The Python module re is used to for the searching regular expression. Dealing with a regular expressions we can use raw strings as r’expression’. Programmer can match and extract any string pattern from given text with the help of regular expression.

For example,

if we want to match the “Mr. ABC” keyword and then extract only name i.e. ABC from all the names from given list without taking Mr. Prefix in this problem we can use regular expressions in Python.

RegExp is widely used in texts, emails, documents. The regular expression is also called as string matching programming language.

Where to use Regular Expression:

Form Validations:

The regular expression is mostly used in form validations such as email validation, phone validations, password validations.

Account Details:

The credit cards, debit cards number have 16 digits and first few number represents the cards are Visa cards, Master cards or Rupay cards. To detects or search the specified pattern in given number regular expressions are used.

The IFC code of different banks starts with name of bank and some numbers to find sequence regular expressions are used.

Regular Expression in Data Mining/ NLP:

In data mining the unstructured data is to be converted into the structured form and then build the model and train the model to get final results. The transforming the dat from unstructured to structured form regular expression plays very important role.

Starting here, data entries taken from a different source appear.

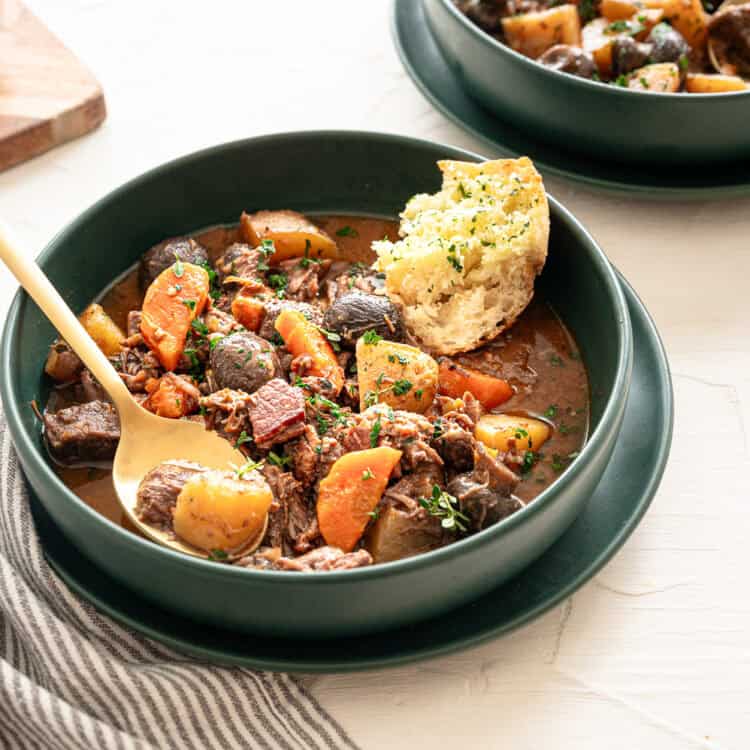 A bowl of beef bourguignon with a piece of crusty bread in the bowl.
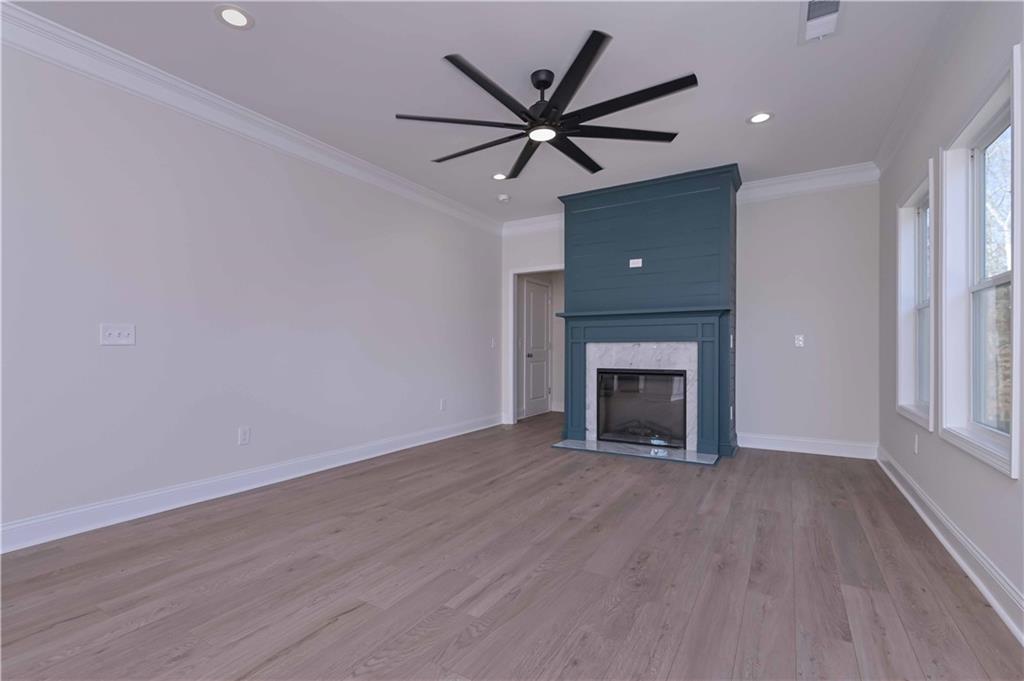 262 Corinth-Five Points Road Buchanan, GA 30113 - Photo 10 of 41 wooden floor fireplace and window in an empty room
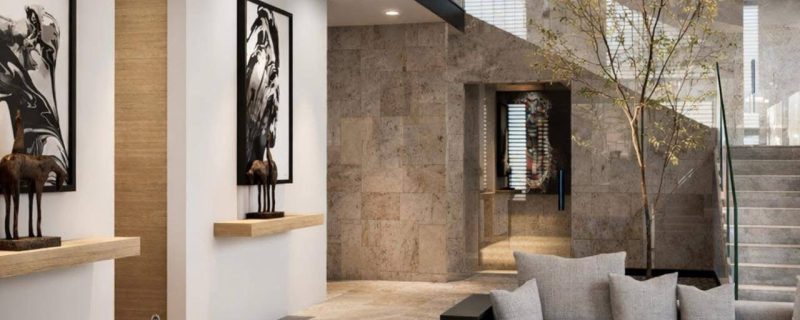 Sala minimalista a doble altura con escalera, árbol interior, lámpara colgante y sofás grises. Diseño interior por MMS Arquitectos en Estado de México y Ciudad de México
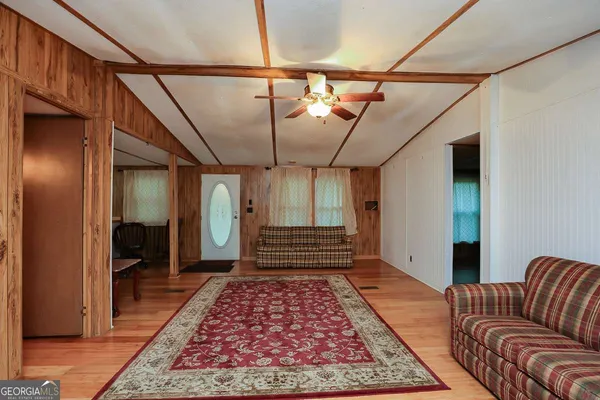 a hallway view with furniture and rug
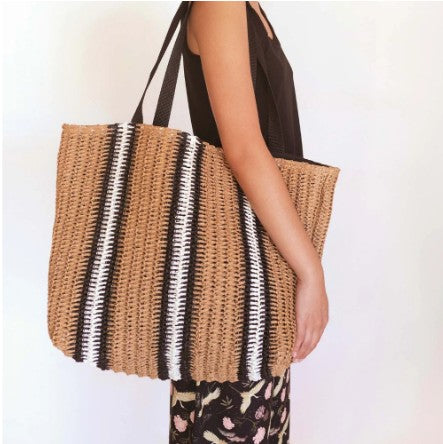 Person holding a woven raffia bag with black and white stripes on a plain background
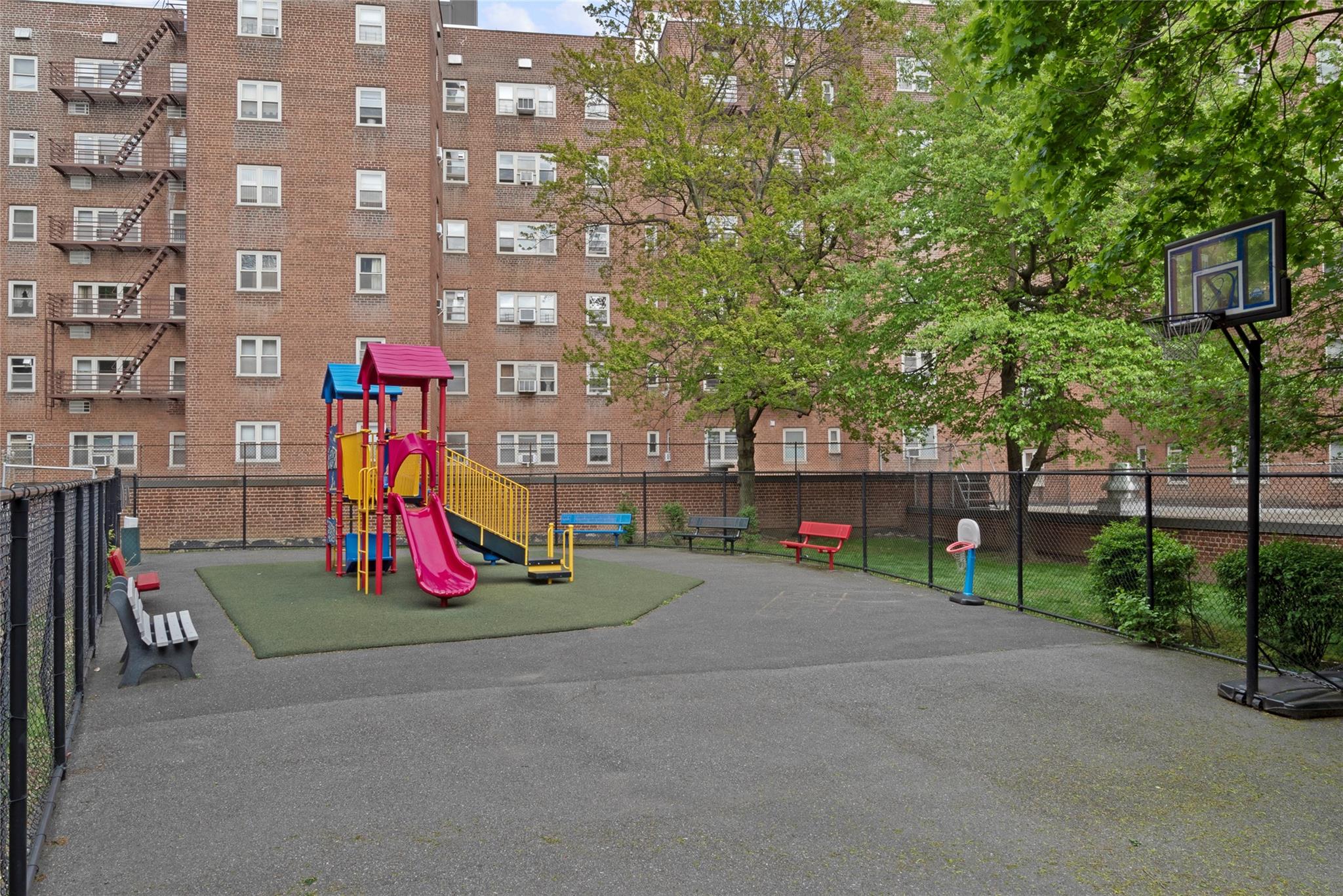 144-55 Melbourne Avenue, Unit 3J Queens, NY 11367 - Photo 13 of 13 Communal playground featuring fence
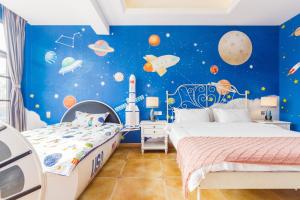Postel nebo postele na pokoji v ubytování Hanju Guesthouse - Near Disney Park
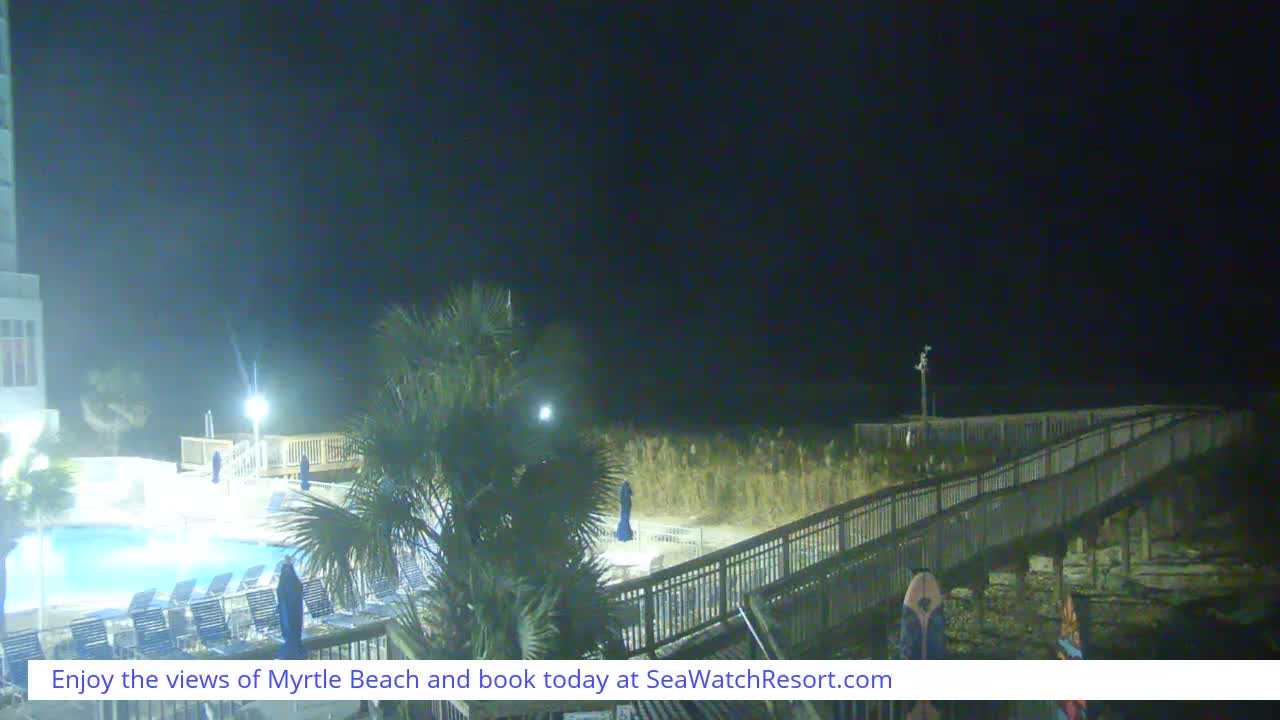 A dark, overcast night view from a beachfront resort reveals an illuminated swimming pool with lounge chairs, palm trees, and a wooden boardwalk extending towards a dimly visible ocean.
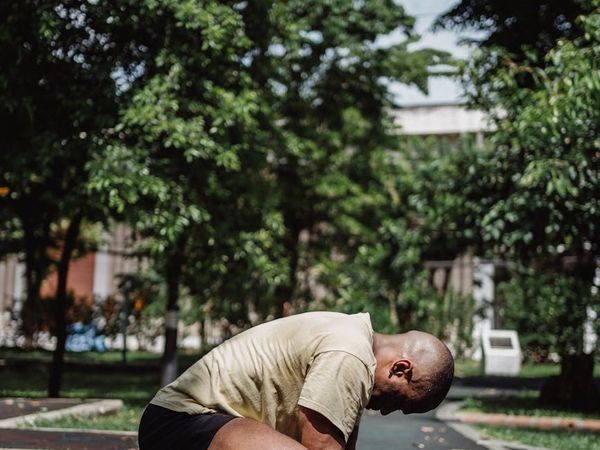 A man carefully performing a bodyweight squat, with lines emphasizing correct posture.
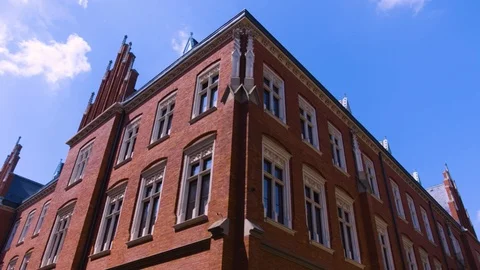 Building red brick facade on the crowded square Stock Footage 125248440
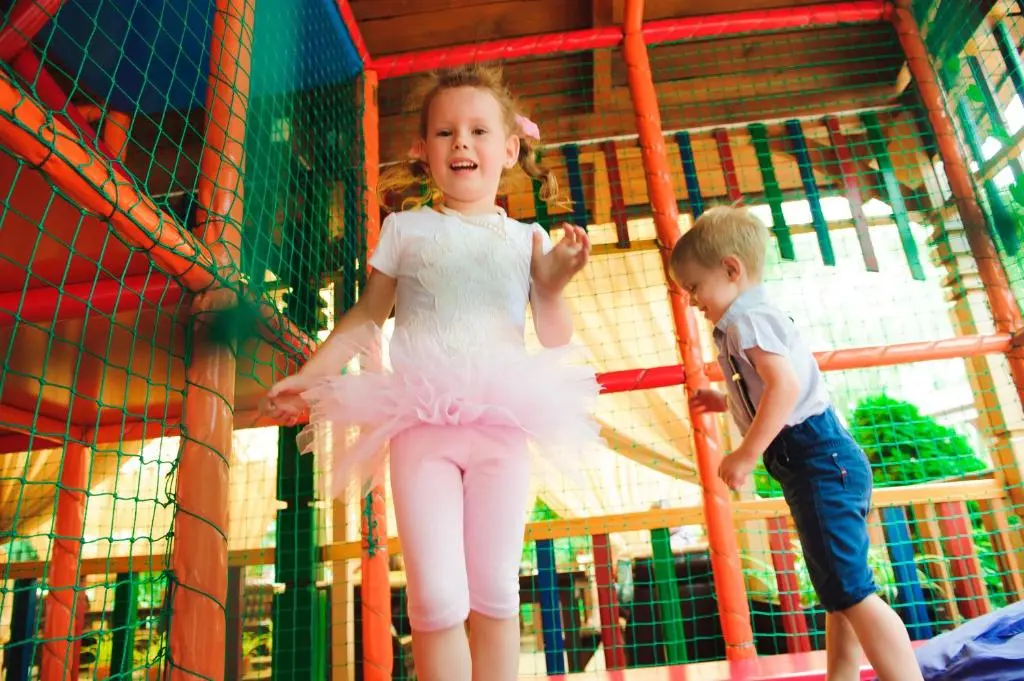 a little girl and a boy playing on a playground at Macdonald Aviemore Hotel at Macdonald Aviemore Resort in Aviemore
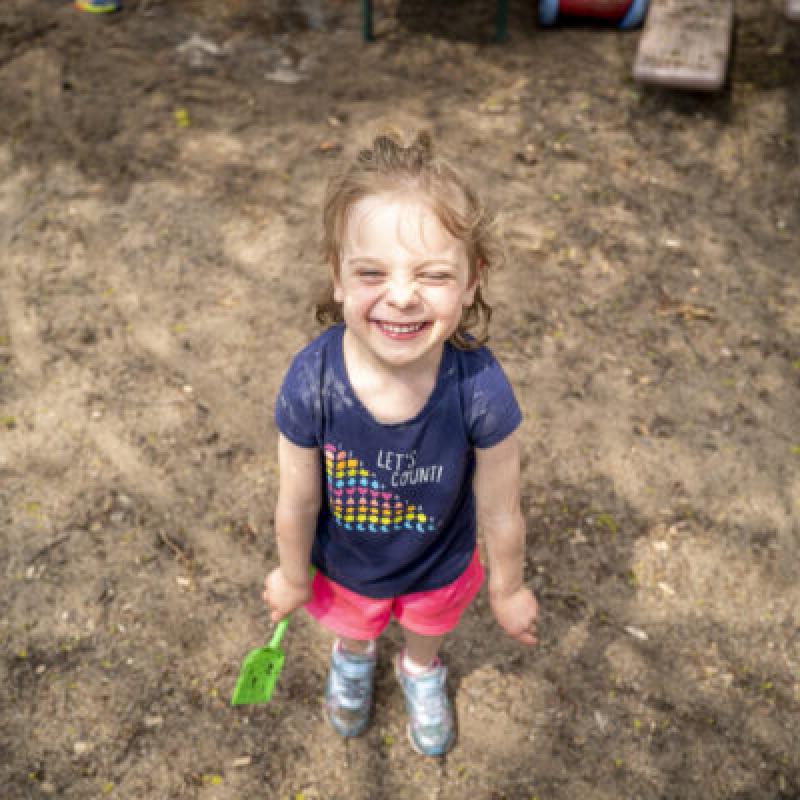 A child smiling in the sun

Cleansing of data by removing stop words, special symbols, punctuations etc. Are removed by using regular expression.

RegEx Module:

Python has built-in package called re is used for regular expression. To work with regular expressions first we have to import re module as follows,

import re

Example

import re

name="My name is Manisha"

stringsearch=re.search("^My.*Manisha$",name)

if stringsearch:

    print("Yes match found")

else:

        print("No match found")

O/P:

Yes match found

In the above example name variable stores string My name is Manisha. One another variable stringsearch is used here to to store search pattern. The ^ symbol is used to find start character or word in given string. The . Is used to find any character except new line character. * is used to find zero or more occurrences in given string.  $ is used to find or to check the end character or word from given string.

Another Example,

India= 'India is my country, All Indians are my brothers and sisters'

match=re.search(r'brothers',India)

print("The start Index",match.start())

print("The end index",match.end())

O/P:

The start Index 40

The end index 48

 In the above example r is used for raw string brothers to find the starting index and end index of this raw string brothers. The raw string is selected from the given string to find the pattern  and it is denoted by r’rawstring’.

 Meta Characters:

Following meta characters are used in regular expression.

1.       \ ( Backslash):

The use of  \  is make sure that the character in given string is not treated in a special way. If you want to search any character from given string then you have to use backslash before that character so that the string is not treated specially.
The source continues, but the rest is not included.